Indonesia’s mobile number registration rules are moving toward tighter identity checks, but one important exception remains in place for children under 17. They can still register a SIM card using a parent’s or guardian’s data, which keeps access open for users whose personal records are not yet available in the civil registry system.
That distinction matters because people in this age group have not yet been recorded in Dukcapil, so their registration cannot follow the same path as adult customers whose identity data already exists in the national database. The government has positioned the guardian-based route as a practical solution so mobile service remains accessible without forcing children to provide data they do not yet have.
Guardian data remains the entry point
Director General of Digital Ecosystem Edwin Hidayat Abdullah said people under 17 still do not have data in Dukcapil. He explained that registration for them can be assisted by a parent acting as guardian.
Edwin also noted that children in orphanages still have a guardian who can be used to help with mobile number registration. With that arrangement, a number can remain active even when the child’s personal data has not yet entered the population database.
Biometric registration is being tested separately
At the same time, the Ministry of Communication and Digital has already begun testing mobile number registration with biometric data, specifically facial recognition. Full rules for that scheme are set to take effect in July.

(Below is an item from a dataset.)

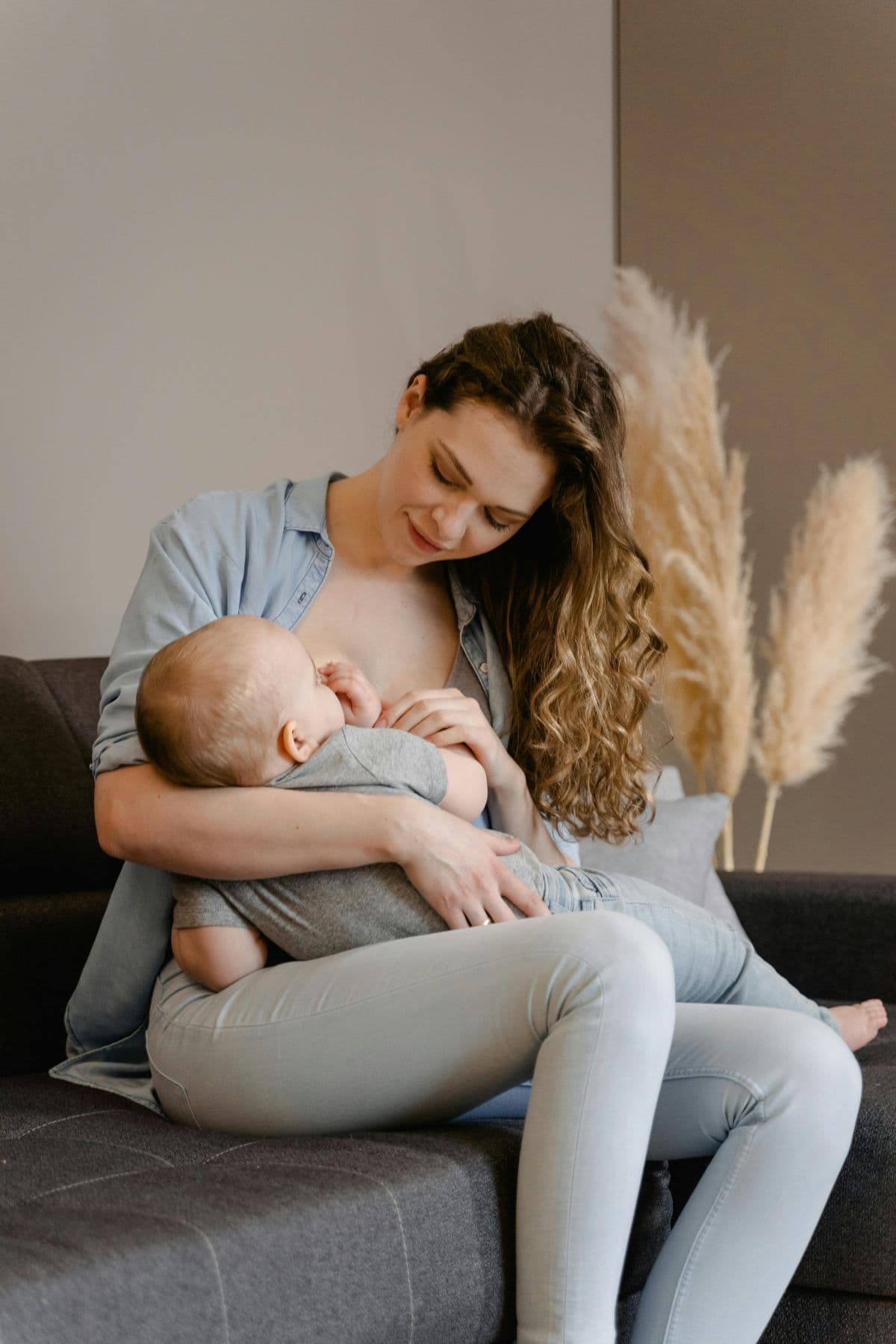 Por que há mulheres que não emagrecem amamentando?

The program uses a system called SEMANTIK, short for Senyum Nyaman dengan Biometrik. It relies on face recognition to verify the identity of new SIM card customers, and the government says the process can be fast and accurate.

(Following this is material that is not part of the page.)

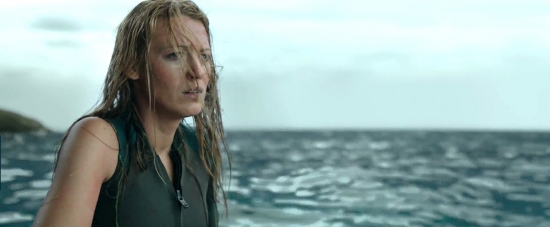 theshallows-blakelively-03723.jpg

The verification is claimed to take less than a minute before the number can be used. That speed is part of the appeal of the new system as Indonesia moves toward stricter registration controls.
Stronger oversight and digital protection
The biometric scheme is also designed to help the government monitor how many mobile numbers are tied to one identity. At the same time, mobile operators are required to protect customer personal data under the law.
Officials say the new registration model is not only an administrative update for SIM cards. It is also meant to help reduce online fraud from the outset and improve protection for people in an increasingly crowded digital environment.
For children under 17, the practical result is straightforward: mobile number registration is still possible even without their own population-record data. As long as a parent or guardian is available to take responsibility, access to a mobile number remains open through the channel prepared by the government.